PROVIDED RECORDS.
——
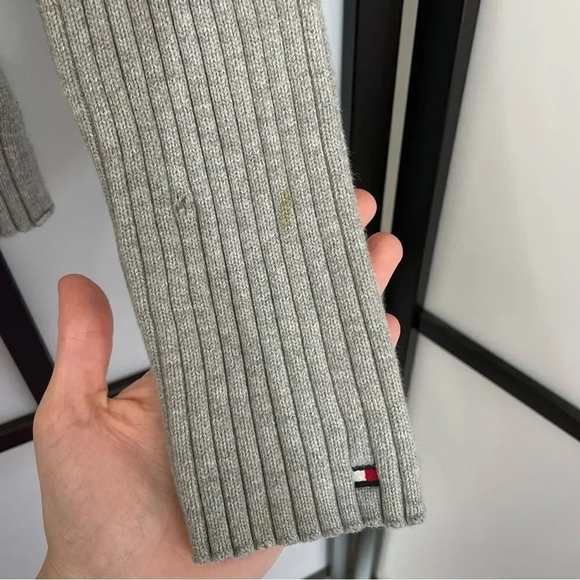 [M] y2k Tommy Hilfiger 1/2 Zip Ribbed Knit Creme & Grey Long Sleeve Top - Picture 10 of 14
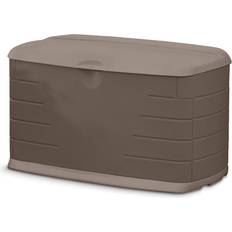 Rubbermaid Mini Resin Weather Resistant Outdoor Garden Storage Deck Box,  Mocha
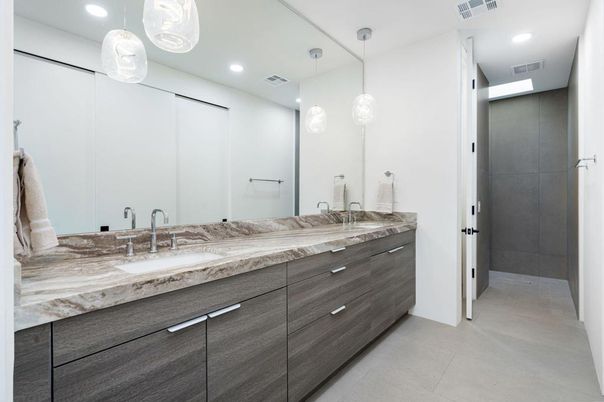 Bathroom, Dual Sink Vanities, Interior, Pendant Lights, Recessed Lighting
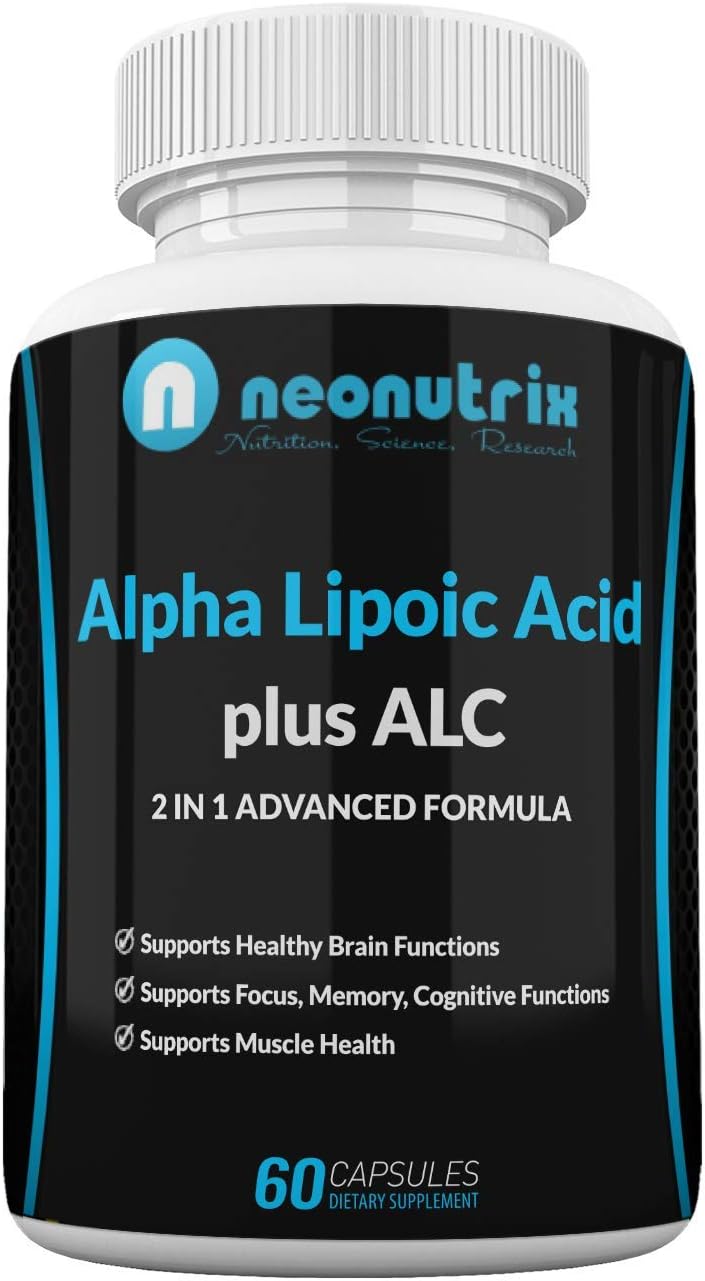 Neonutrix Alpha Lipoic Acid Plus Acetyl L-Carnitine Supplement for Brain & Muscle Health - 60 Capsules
——
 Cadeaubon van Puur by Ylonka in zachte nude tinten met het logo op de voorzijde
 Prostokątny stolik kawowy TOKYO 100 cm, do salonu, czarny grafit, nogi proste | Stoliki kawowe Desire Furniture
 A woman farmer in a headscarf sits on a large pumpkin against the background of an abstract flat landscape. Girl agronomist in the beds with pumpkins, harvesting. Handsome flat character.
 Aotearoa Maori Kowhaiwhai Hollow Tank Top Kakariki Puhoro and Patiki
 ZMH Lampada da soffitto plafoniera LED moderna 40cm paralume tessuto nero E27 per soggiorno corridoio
——
WORK REQUEST. Skip every picture, and restate word for word only the lines above from the line containing "[M] y2k Tommy" to the line containing "Neonutrix Alpha Lipoic", both of them included.

TASK RESULT.
 [M] y2k Tommy Hilfiger 1/2 Zip Ribbed Knit Creme & Grey Long Sleeve Top - Picture 10 of 14
 Rubbermaid Mini Resin Weather Resistant Outdoor Garden Storage Deck Box,  Mocha
 Bathroom, Dual Sink Vanities, Interior, Pendant Lights, Recessed Lighting
 Neonutrix Alpha Lipoic Acid Plus Acetyl L-Carnitine Supplement for Brain & Muscle Health - 60 Capsules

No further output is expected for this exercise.